AI21-Jamba-Mini-1.5

Property	Value
Parameters	12B active / 52B total
Context Length	256K tokens
Architecture	Hybrid SSM-Transformer (Jamba)
License	Jamba Open Model License
Knowledge Cutoff	March 5, 2024

What is AI21-Jamba-Mini-1.5?

AI21-Jamba-Mini-1.5 is a groundbreaking hybrid SSM-Transformer model that combines state-of-the-art performance with exceptional efficiency. As part of the Jamba 1.5 family, it delivers up to 2.5X faster inference than comparable models while maintaining high-quality outputs across various tasks.

Implementation Details

The model features a unique architecture that successfully integrates non-Transformer components at scale, supporting an impressive 256K context length. It can be deployed using various configurations, from full precision on multiple GPUs to quantized versions that can run on a single GPU.

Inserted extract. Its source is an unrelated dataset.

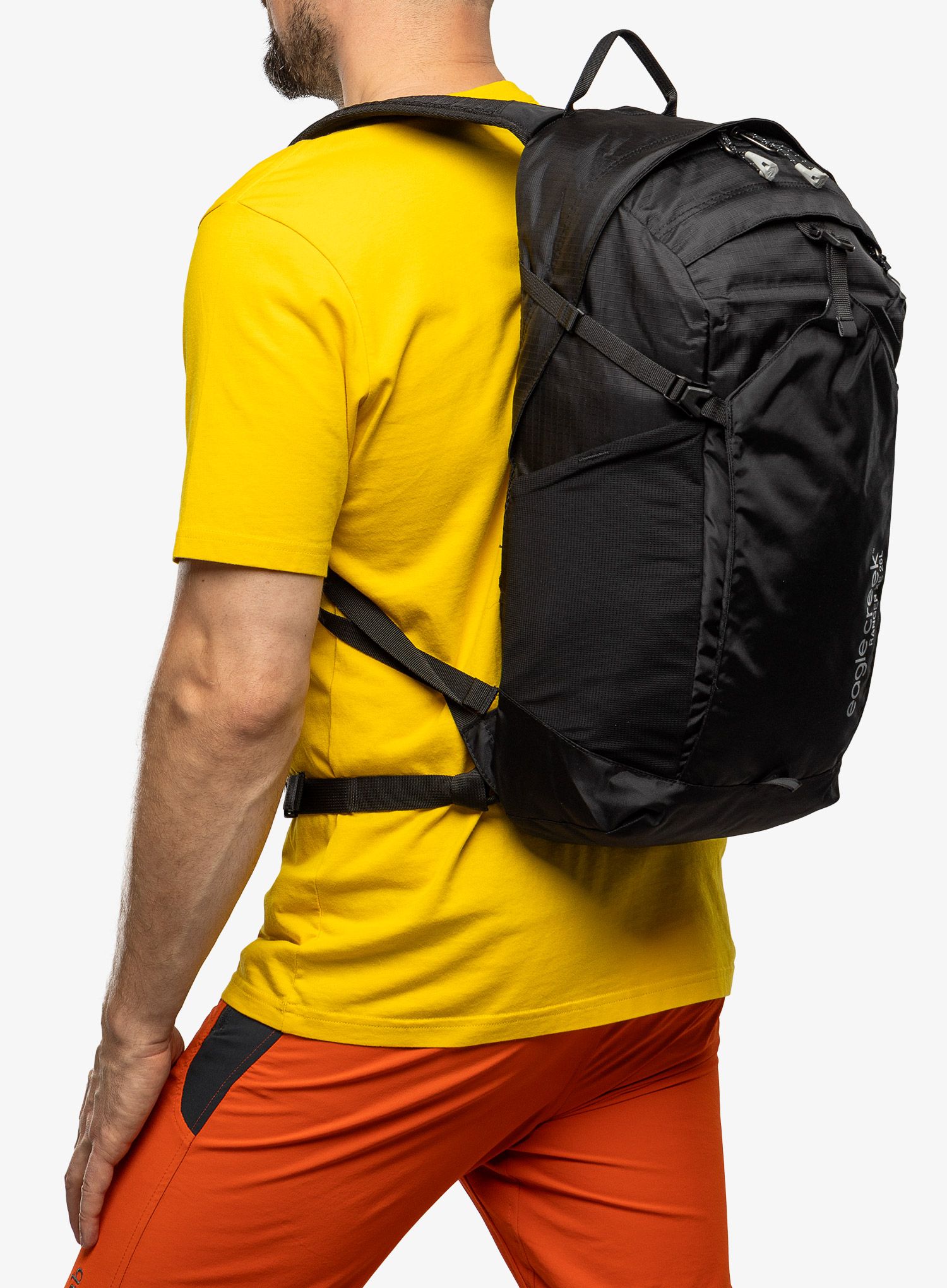 Planinarski ruksak Eagle Creek Ranger XE Backpack 26L - black/river rock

Supports multiple deployment options including vLLM and transformers library
ExpertsInt8 quantization enables running on a single 80GB GPU
Optimized for business use cases with function calling and structured output capabilities

Core Capabilities

Multilingual support for 9 languages including English, Spanish, French, and Arabic
Strong performance on benchmarks like MMLU (69.7%) and GSM-8K (75.8%)
Tool use and grounded generation support
JSON mode for structured output generation
Fine-tuning support through LoRA and QLoRA

Frequently Asked Questions

Q: What makes this model unique?

The model combines traditional Transformer architecture with State Space Model (SSM) components, offering superior long-context handling and inference speed while maintaining high-quality outputs. It's specifically optimized for business applications and supports extensive context lengths up to 256K tokens.

Q: What are the recommended use cases?

The model excels in business applications requiring structured output, function calling, and long-context understanding. It's particularly well-suited for RAG applications, multilingual tasks, and scenarios requiring tool use or JSON output formatting.